The flexibility and strength of these polyreactive antibodies may make it seem like the ideal immune solution to protect against the flu, so why doesn’t the seasonal flu vaccine tend to trigger their production?

In the study, the investigators also found that these polyreactive antibodies can sometimes bind to the body’s own antigens, causing the polyreactive B cells to be destroyed to avoid an autoimmune response.

“What we’re seeing is that there’s this balance. Polyreactivity provides these beneficial features, like broader and better binding, but that comes at the cost of binding to self, which can cause issues,” said Guthmiller. “Our seasonal flu vaccine keeps calling back the same specific antibody response because it’s effective against these limited strains. To get these broadly neutralizing antibodies, like we’d want in a universal flu vaccine, we’ll need something very different, but now we know this has the potential to be self-defeating because of this self-binding.”

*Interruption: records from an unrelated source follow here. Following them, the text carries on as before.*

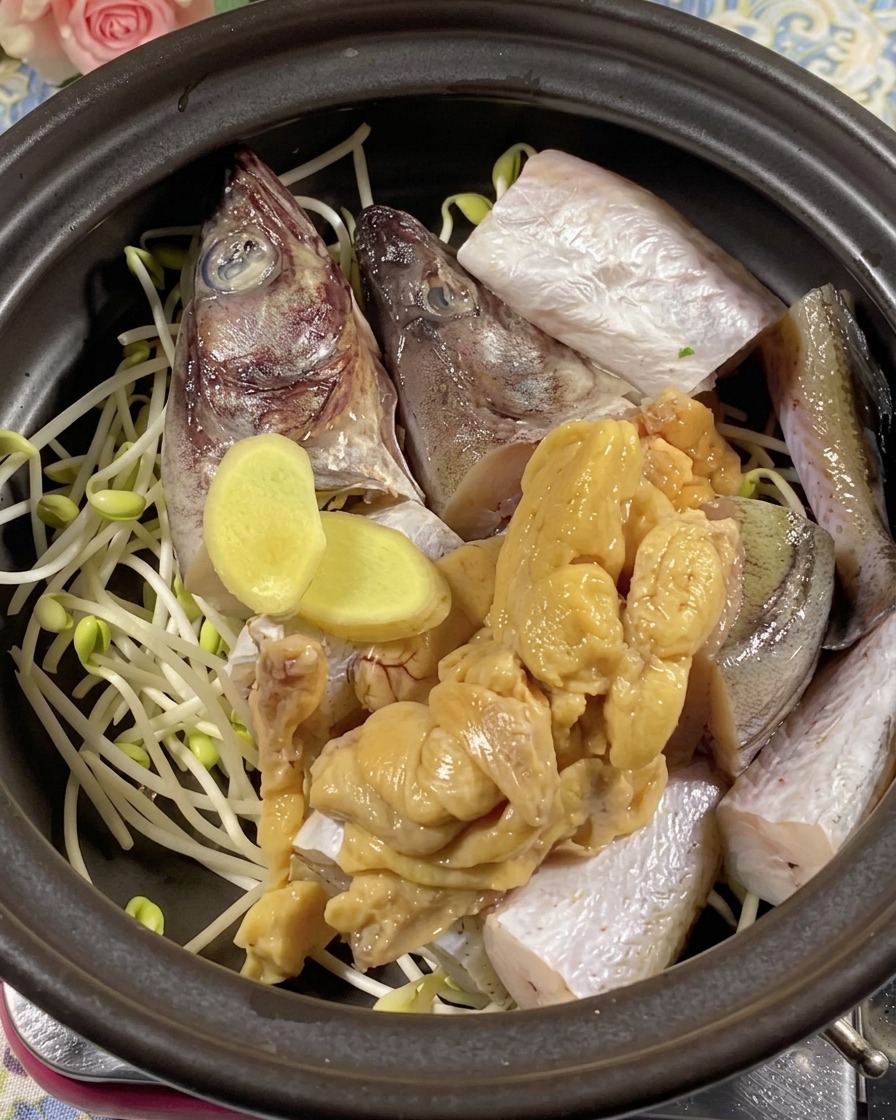 Tranches de gingembre frais et œufs de lieu jaune placés sur les morceaux de poisson dans une marmite.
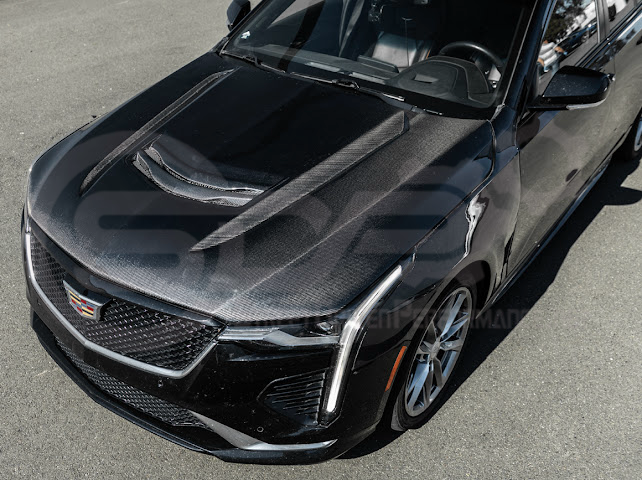 Cadillac CT4 Blackwing style carbon fiber vented front hood for 2020+ models, featuring aggressive design and lightweight construction.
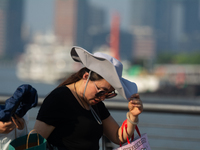 A woman is shielding herself from the sun at Bund in Shanghai, China, on August 6, 2024. (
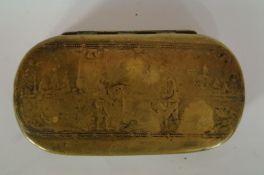 A 19th century brass oblong tobacco box, with an engraved scene to the top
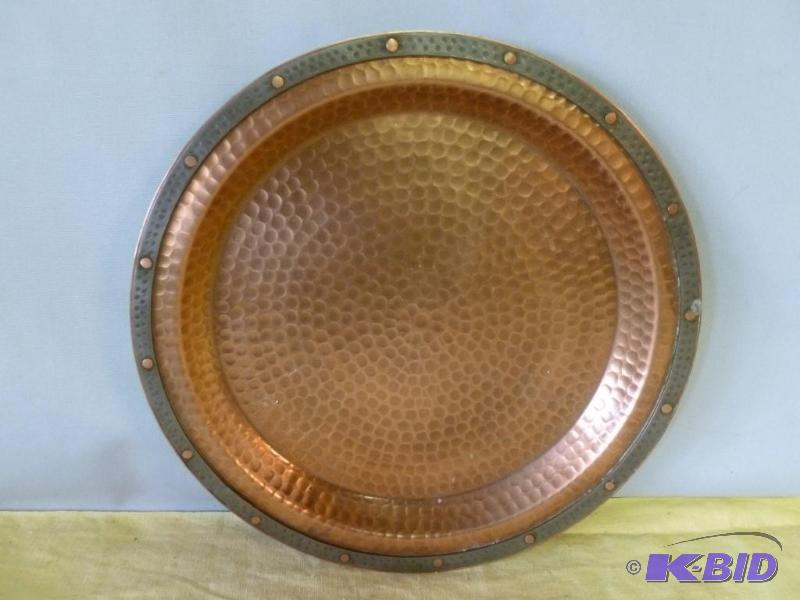 lot 43 image: Large vintage hammered copper plate that meas...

These results speak to the challenge of developing such a vaccine. “We already know it is difficult to target influenza in a universal fashion,” said Patrick Wilson, PhD, a professor of medicine at UChicago. “For better or worse, this paper provides important insights into properties of antibodies that can more universally target many influenza strains.”

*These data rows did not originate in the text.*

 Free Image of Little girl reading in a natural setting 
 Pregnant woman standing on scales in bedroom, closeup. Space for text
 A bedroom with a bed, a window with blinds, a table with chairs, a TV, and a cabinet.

The researchers are now working to understand how and why these polyreactive antibodies are self-reactive, and whether or not the immune system actively works to prevent them from being produced. Clarifying their role in the immune response will determine if these polyreactive antibodies can be leveraged safely and effectively and how they might be leveraged to produce a universal influenza vaccine.

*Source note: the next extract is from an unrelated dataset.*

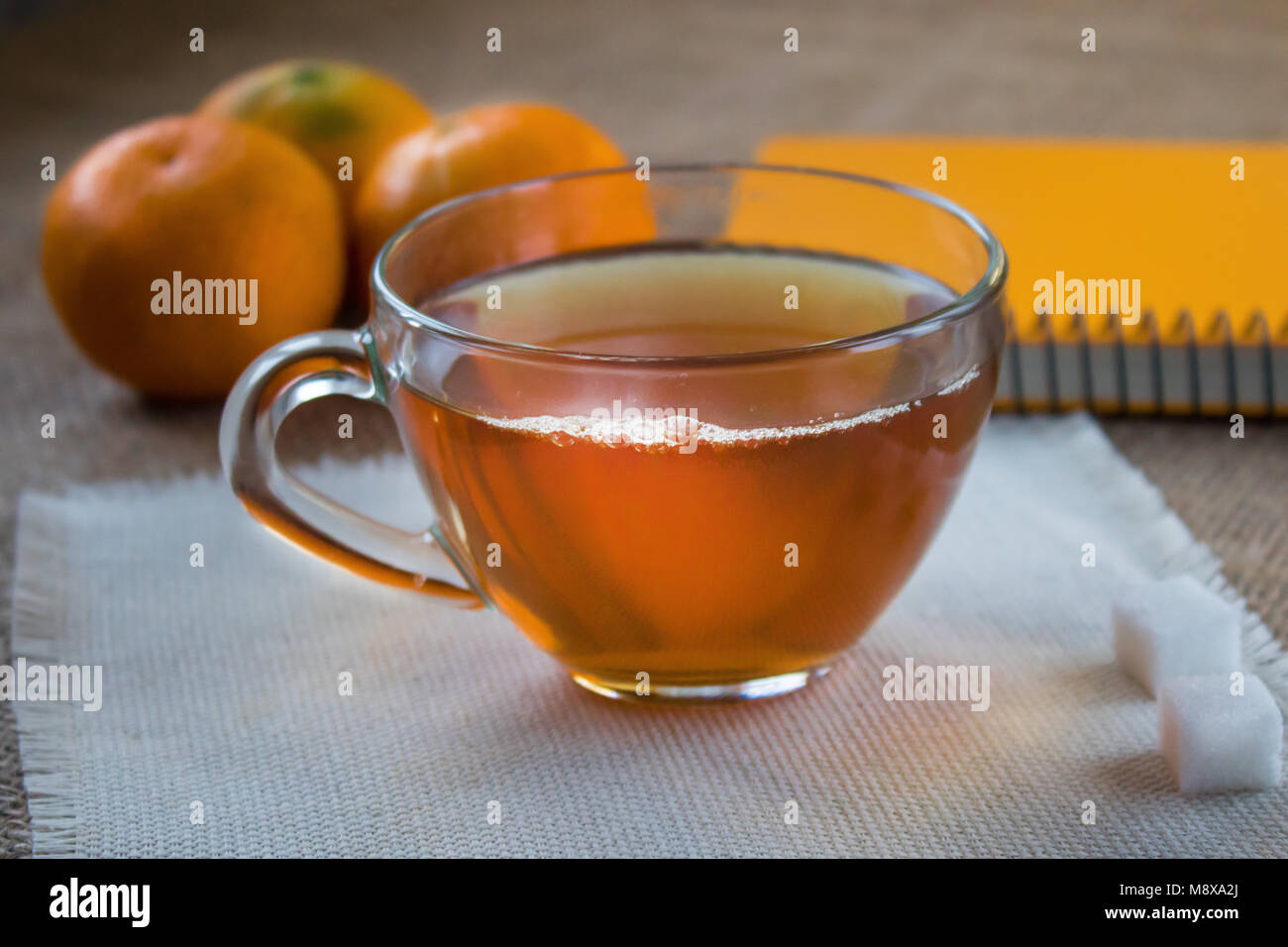 Morning cup of tea. Mandarins on the table. Notepad to write plans for the day. Stock Photo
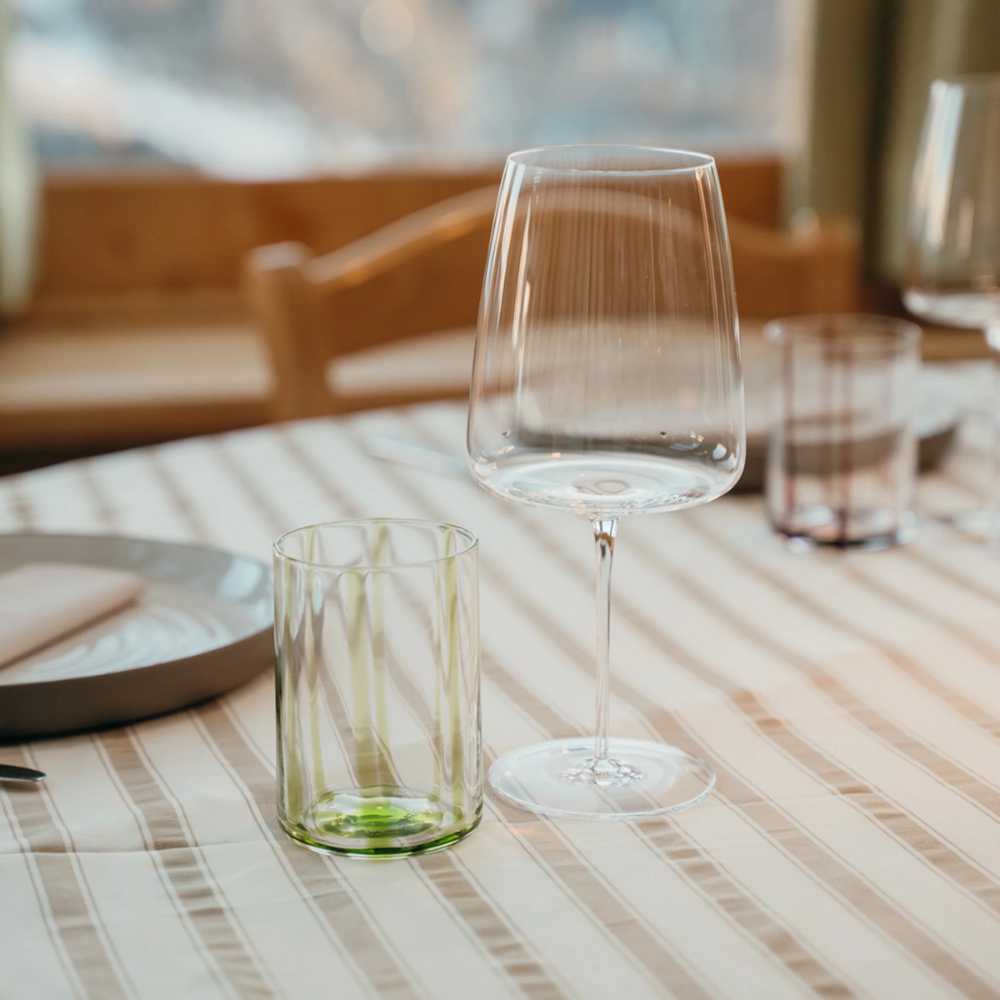 bicchiere verde trasparente cilindrico e calice trasparente con gambo su tovaglia beige a righe sottili in ambiente interno con tavolo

The study, “Polyreactive Broadly Neutralizing B cells Are Selected to Provide Defense against Pandemic Threat Influenza Viruses”, funded in part by the National Institute of Allergy and Infectious Diseases (NIAID); National Institutes of Health grant numbers U19AI082724, U19AI109946, U19AI057266, P01 AI097092, R01AI145870-01, and T32AI007244-36; the NIAID Centers of Excellence for Influenza Research and Surveillance (CEIRS) grant number HHSN272201400005C and HHSN272201400008C; the NIAID Collaborative Influenza Vaccine Innovation Centers (CIVIC; 75N93019C00051); and the Austrian Science Fund grant number P30565. Additional authors include Linda Yu-Ling Lan, Henry A. Utset, Dalia J. Bitar, Natalie J. Hamel, Olivia Stovicek, Lei Li, Micah Tepora, Carole Henry, Karlynn E. Neu, Haley L. Dugan, Marta T. Borowska, Yao-Qing Chen, Christopher T. Stamper, Nai-Ying Zheng, Min Huang, and Anna-Karin E. Palm of the University of Chicago; Julianna Han and Andrew B. Ward of The Scripps Research Institute; Sean T.H. Liu, Aldolfo García-Sastre, Raffael Nachbagauer, Peter Palese, and Florian Krammer of the Icahn School of Medicine at Mount Sinai; Lynda Coughlan of the Icahn School of Medicine at Mount Sinai and the University of Maryland School of Medicine; and Klaus R. Liedl of the Institute of General, Inorganic and Theoretical Chemistry at the University of Innsbruck.